# [THE PROBLEM]
What is needed is an exact copy of the lines in the listing below, from the one with "4 ct. Garnet Gem Stone" up to and including the one with "Bathroom 4, Alpin", with no other lines.

# [INPUT RECORDS]
╭──
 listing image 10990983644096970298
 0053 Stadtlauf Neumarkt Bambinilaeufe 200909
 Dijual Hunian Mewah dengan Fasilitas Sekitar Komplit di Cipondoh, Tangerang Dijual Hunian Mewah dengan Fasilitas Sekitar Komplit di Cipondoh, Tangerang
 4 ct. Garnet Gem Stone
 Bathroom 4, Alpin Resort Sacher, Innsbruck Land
╰──
╭──
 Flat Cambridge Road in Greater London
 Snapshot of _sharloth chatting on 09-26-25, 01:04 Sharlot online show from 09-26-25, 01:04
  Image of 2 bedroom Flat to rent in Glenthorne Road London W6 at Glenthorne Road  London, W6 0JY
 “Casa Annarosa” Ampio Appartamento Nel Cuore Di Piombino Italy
╰──
# [SOLUTION TO THE PROBLEM]
 4 ct. Garnet Gem Stone
 Bathroom 4, Alpin Resort Sacher, Innsbruck Land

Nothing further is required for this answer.